To date, few governments have passed the talking stage and actually launched large-scale community composting facilities. Two such plants were set up this year in Connecticut through a joint effort of the National Audubon Society and the Proctor & Gamble Company. (Composting, like politics, can make strange bedfellows.)

Regular citizens, too, could help a lot by composting in their yards. According to a recent poll, 12 percent of Americans mine at home for the black gold of compost. Somehow that strikes me as an inflated figure. I know only one person who composts, and that's Mike Klingaman, the guy who writes the gardening column for this newspaper. He's practically obligated to compost.

In fact, judging by the reactions I get when people learn about my composting -- they gasp or draw back or move to a different zip code -- I'm doubtful anyone would ever admit to a pollster that he or she composts. To most people, it seems, compost's name is mud.

As a card-carrying suburbanite, I was at first confused by these reactions. I always thought people moved to the suburbs so they could have their own little plot of terra firma and be closer to the earth.

I've since concluded that what most suburbanites desire isn't so much to be closer to Mother Nature as it is to wrestle the old girl to the ground with their electrified mowers, trimmers, blowers, sprayers, whackers, pruners, edgers and other weaponry of "landscaping."

No, I'm not advocating knee-high lawns or untamed stretches of quack grass. All I'm saying is I sense in suburbia an attitude toward nature that isn't, well, natural. It might account for the "you need help, pal" looks I get when people learn about the oil drum in which I've been mixing table scraps, leaves, grass clippings, cow manure, ground lime and the fattest, happiest bunch of earthworms you've ever met. Yet what could be more natural?

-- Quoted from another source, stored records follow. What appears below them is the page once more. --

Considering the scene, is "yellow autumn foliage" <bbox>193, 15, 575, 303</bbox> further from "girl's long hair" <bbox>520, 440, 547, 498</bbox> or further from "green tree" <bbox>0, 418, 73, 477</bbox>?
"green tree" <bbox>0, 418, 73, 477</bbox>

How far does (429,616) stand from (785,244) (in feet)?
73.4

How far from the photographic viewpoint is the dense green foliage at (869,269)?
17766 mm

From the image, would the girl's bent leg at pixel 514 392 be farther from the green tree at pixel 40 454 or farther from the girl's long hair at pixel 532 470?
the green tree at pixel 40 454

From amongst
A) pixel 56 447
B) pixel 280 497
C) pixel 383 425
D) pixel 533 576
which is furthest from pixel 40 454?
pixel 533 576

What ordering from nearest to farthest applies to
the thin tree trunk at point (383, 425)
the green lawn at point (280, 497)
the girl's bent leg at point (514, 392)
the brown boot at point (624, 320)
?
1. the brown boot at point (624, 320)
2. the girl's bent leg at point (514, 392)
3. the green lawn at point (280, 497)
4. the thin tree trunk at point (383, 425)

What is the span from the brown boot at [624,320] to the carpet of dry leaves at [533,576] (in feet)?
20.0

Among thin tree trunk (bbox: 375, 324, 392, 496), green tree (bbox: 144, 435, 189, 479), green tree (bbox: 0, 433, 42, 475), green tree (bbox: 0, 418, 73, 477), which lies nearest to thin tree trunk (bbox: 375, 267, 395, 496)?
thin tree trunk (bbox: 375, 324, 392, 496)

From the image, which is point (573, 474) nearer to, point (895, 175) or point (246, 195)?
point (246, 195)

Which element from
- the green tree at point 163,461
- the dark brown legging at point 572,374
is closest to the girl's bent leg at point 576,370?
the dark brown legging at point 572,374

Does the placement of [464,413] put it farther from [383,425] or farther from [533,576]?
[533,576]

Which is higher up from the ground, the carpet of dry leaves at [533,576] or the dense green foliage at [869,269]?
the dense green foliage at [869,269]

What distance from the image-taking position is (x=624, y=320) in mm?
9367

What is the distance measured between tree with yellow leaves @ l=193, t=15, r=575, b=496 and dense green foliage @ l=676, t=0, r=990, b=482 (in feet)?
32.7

I confess, when I started composting, I attacked it with the gonzo zeal of the convert. I asked friends at work to save me the banana peels and apple cores from their lunches. I approached neighbors who were mowing their lawns and told them to hold onto their grass cuttings for me. I would have gone door-to-door through my neighborhood and offered my services as a leaf raker, but I felt bad about muscling in on the 10-year-old kid who usually did the job.

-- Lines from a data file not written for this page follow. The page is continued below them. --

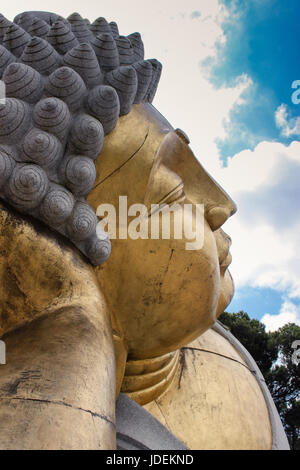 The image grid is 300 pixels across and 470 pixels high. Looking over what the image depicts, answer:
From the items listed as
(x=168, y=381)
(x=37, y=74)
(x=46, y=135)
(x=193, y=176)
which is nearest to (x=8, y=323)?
(x=46, y=135)

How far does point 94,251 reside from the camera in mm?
1623

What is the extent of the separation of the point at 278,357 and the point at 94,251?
14.5 metres

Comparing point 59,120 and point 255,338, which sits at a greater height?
point 255,338

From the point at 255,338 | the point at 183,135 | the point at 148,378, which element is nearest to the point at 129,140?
the point at 183,135

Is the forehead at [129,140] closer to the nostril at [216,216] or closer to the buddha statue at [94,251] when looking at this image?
the buddha statue at [94,251]

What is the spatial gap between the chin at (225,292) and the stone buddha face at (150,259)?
511mm

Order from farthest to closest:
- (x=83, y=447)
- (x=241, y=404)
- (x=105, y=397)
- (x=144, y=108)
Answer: (x=241, y=404) → (x=144, y=108) → (x=105, y=397) → (x=83, y=447)

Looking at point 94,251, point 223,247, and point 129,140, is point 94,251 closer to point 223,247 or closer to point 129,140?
point 129,140

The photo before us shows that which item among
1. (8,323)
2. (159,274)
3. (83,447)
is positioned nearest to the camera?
(83,447)

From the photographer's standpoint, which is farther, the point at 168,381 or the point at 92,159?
the point at 168,381

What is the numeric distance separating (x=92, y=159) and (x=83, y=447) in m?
1.00

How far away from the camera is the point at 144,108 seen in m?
1.95

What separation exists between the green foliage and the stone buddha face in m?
12.4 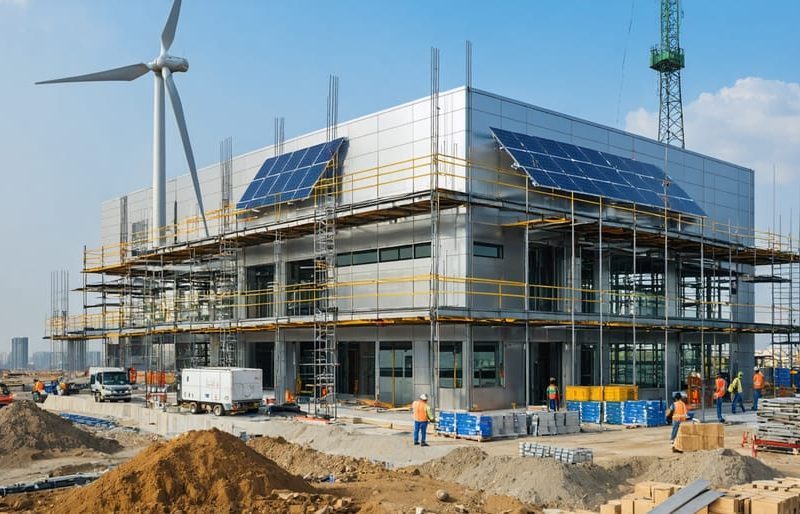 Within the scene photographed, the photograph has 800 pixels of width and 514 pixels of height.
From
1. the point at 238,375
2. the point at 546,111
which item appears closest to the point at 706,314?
the point at 546,111

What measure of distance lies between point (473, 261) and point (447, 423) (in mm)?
7519

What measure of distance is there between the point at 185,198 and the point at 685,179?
27.5 metres

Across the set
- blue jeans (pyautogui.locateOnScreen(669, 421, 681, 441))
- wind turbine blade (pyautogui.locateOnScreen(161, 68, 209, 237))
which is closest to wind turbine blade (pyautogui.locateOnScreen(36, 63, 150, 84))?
wind turbine blade (pyautogui.locateOnScreen(161, 68, 209, 237))

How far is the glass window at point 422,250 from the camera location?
30.1 m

These days, I'm more matter-of-fact. Composting has become a habit around my house. When my 3-year-old daughter won't finish her broccoli, or we have leftover coffee grounds or melon rinds, we just toss the stuff into the plastic gallon container that sits on the kitchen counter. Once the container is filled, I take it to the back yard and mix the contents with the material already composted in the 55-gallon drum.

Easy, organic, good for my garden, good for the environment, composting embodies the "think globally, act locally" philosophy. It would be tough to get more local than my back yard, where the compost bin sits 10 feet from my kitchen door.

And if Geraldo calls? I'll give him Klingaman's number.

Patrick Ercolano writes editorials for The Baltimore Sun.